Sam Riley and Garrett Hedlund deliver underwhelming performances in the two roles that simply must engage audiences from the get-go. Riley is aspiring writer Sal Paradise (the character based on Kerouac himself), who longs for the freedom of the open road; Hedlund is irresponsible hedonist Dean Moriarty (aka Neal Cassady), who joins him on many of his cross-country adventures. Salles and Rivera chart the men's encounters in acceptable vignette fashion, but there's very little sense of the thrill of discovery in what's presented on screen, with the filmmakers dutifully checking off each CliffsNotes highlight before moving forward. I wonder what a director like David Cronenberg might have brought to the party; his whacked-out 1991 version of William S. Burroughs' Naked Lunch wasn't a complete success, but it exhibited a go-for-broke strategy that's sadly missing in On the Road.
Speaking of Burroughs, he appears here in the form of junkie-poet Old Bull Lee, played with the proper measure of eccentricity by Viggo Mortensen.
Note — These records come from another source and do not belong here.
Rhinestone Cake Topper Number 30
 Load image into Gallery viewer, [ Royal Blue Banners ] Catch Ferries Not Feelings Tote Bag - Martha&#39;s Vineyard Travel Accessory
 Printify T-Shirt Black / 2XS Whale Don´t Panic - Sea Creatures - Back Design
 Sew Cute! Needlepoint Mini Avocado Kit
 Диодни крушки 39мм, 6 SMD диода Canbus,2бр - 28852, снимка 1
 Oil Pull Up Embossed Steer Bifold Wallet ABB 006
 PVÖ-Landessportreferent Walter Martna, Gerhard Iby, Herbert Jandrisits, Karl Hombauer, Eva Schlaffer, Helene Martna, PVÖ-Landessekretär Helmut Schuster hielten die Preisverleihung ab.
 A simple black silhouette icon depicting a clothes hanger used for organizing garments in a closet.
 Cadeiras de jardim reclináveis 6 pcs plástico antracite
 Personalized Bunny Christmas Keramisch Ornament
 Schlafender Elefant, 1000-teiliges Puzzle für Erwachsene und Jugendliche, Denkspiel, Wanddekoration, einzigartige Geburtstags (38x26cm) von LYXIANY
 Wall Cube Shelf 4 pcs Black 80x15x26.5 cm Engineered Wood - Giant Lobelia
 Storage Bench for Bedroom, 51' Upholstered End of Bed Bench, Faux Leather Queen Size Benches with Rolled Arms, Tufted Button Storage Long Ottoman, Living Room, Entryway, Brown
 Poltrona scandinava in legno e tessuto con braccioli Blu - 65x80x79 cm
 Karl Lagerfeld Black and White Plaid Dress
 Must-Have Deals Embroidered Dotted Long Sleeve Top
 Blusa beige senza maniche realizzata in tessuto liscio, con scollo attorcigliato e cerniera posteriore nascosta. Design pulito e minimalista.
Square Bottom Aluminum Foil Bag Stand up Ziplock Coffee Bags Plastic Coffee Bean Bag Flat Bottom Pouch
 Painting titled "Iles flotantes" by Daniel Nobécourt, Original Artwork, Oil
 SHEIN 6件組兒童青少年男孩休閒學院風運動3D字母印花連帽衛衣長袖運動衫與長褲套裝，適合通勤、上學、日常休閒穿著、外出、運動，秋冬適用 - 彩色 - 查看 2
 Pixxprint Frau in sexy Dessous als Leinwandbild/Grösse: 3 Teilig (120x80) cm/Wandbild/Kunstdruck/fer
And while it's open season on Kristen Stewart these days, with the put-upon actress having to contend with hatred generally reserved for al-Qaeda operatives, she's just fine in her too-few scenes as Dean's first wife, the teenage Marylou; ditto for Kirsten Dunst as Dean's second wife, Camille, Amy Adams as Old Bull Lee's spouse, and Steve Buscemi as one of the bisexual Dean's johns. These supporting players all add color and dimension to an otherwise sterile piece, not unlike interesting footnotes found peppering the pages of a dull college textbook.